Retype exactly the lines from the one containing "Mid Century Valentine" through the last line of the records below, including both, and leave out any pictures.

(Short web captions)
--*--

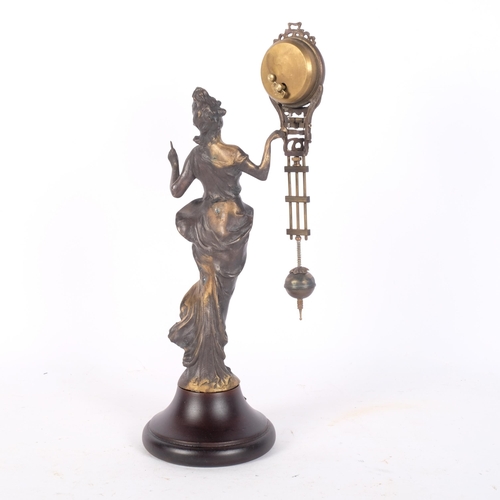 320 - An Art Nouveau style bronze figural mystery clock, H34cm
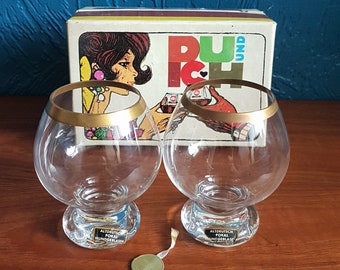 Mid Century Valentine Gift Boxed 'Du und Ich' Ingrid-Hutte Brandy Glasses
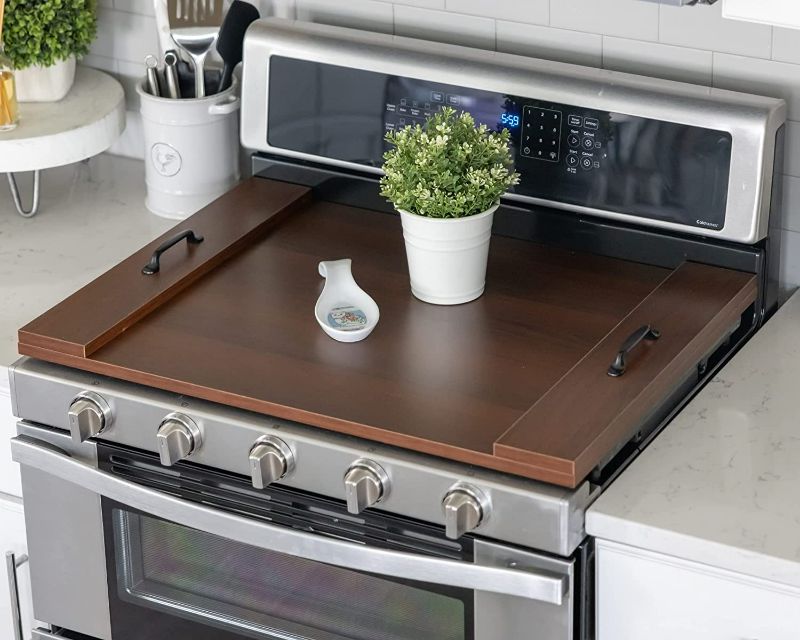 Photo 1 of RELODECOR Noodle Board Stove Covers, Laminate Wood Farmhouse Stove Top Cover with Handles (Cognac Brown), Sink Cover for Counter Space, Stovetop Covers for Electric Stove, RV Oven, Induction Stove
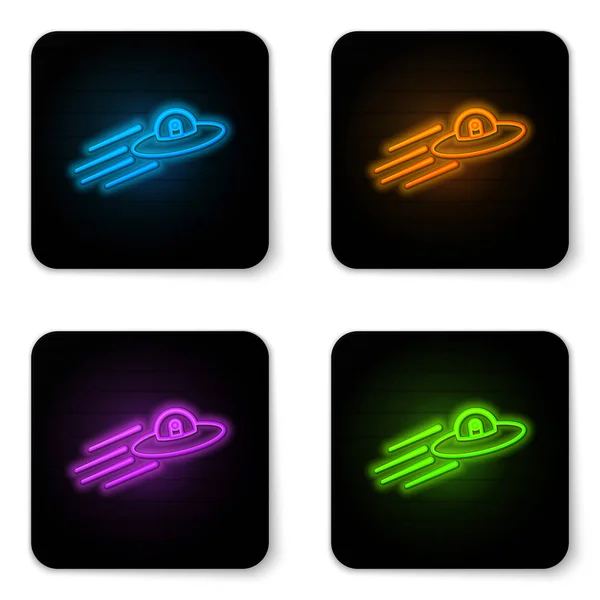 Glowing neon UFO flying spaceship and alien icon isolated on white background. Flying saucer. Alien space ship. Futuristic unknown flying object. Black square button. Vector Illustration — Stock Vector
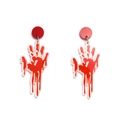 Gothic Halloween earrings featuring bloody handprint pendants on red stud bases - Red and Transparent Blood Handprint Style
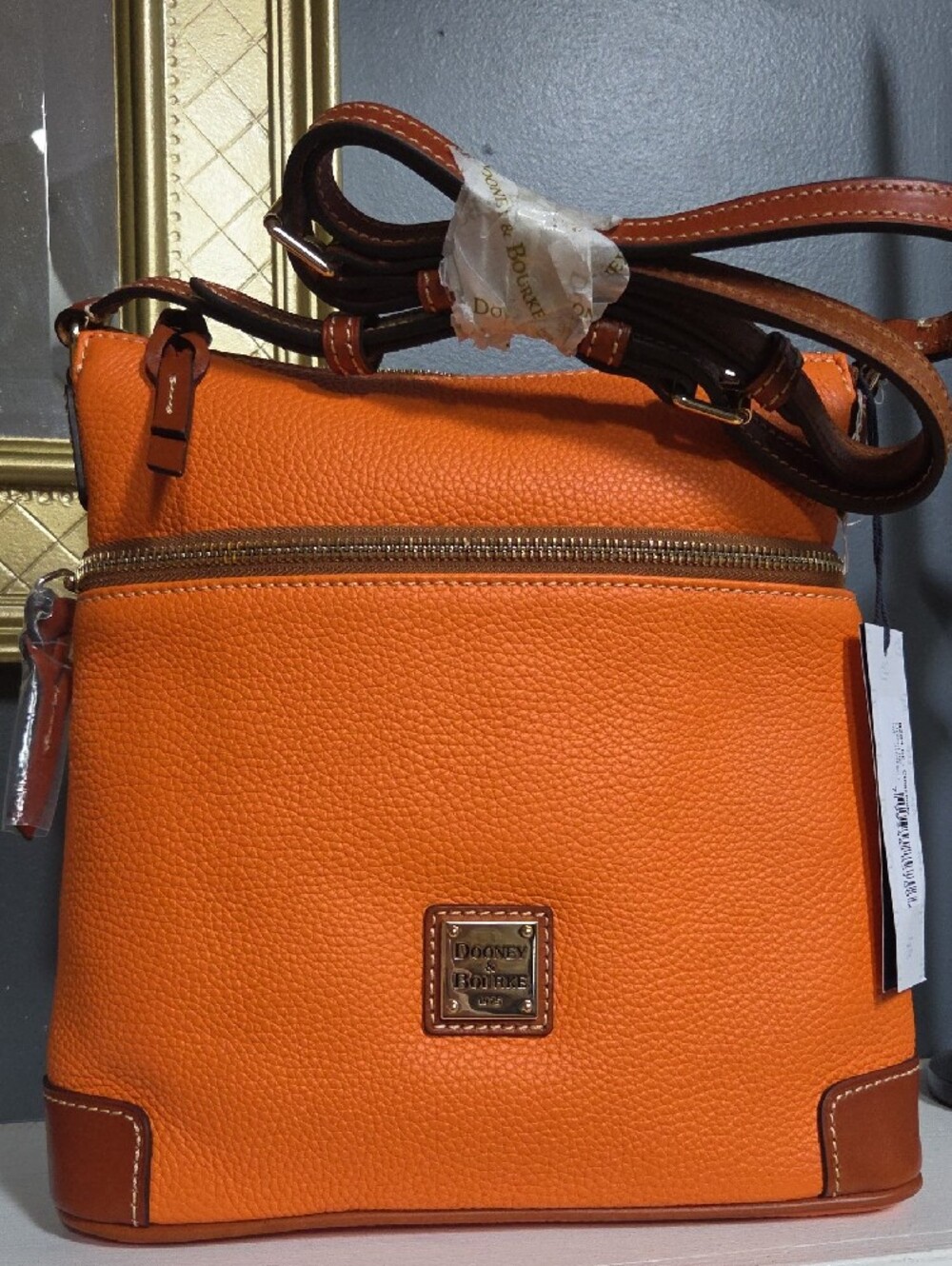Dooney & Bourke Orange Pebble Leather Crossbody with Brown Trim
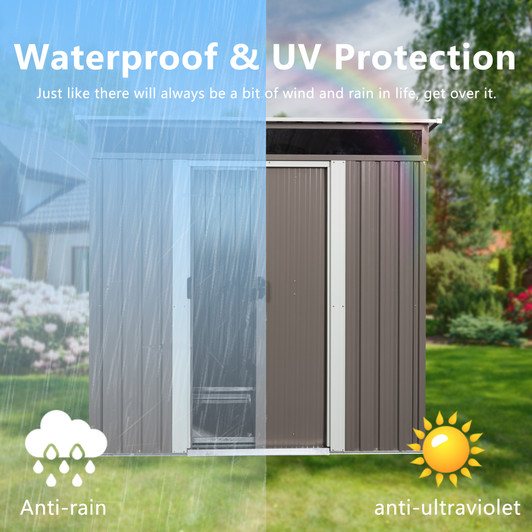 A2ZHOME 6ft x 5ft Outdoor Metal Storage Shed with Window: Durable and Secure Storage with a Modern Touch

--*--

--- Result for this task ---
 Mid Century Valentine Gift Boxed 'Du und Ich' Ingrid-Hutte Brandy Glasses
 Photo 1 of RELODECOR Noodle Board Stove Covers, Laminate Wood Farmhouse Stove Top Cover with Handles (Cognac Brown), Sink Cover for Counter Space, Stovetop Covers for Electric Stove, RV Oven, Induction Stove
 Glowing neon UFO flying spaceship and alien icon isolated on white background. Flying saucer. Alien space ship. Futuristic unknown flying object. Black square button. Vector Illustration — Stock Vector
 Gothic Halloween earrings featuring bloody handprint pendants on red stud bases - Red and Transparent Blood Handprint Style
Dooney & Bourke Orange Pebble Leather Crossbody with Brown Trim
 A2ZHOME 6ft x 5ft Outdoor Metal Storage Shed with Window: Durable and Secure Storage with a Modern Touch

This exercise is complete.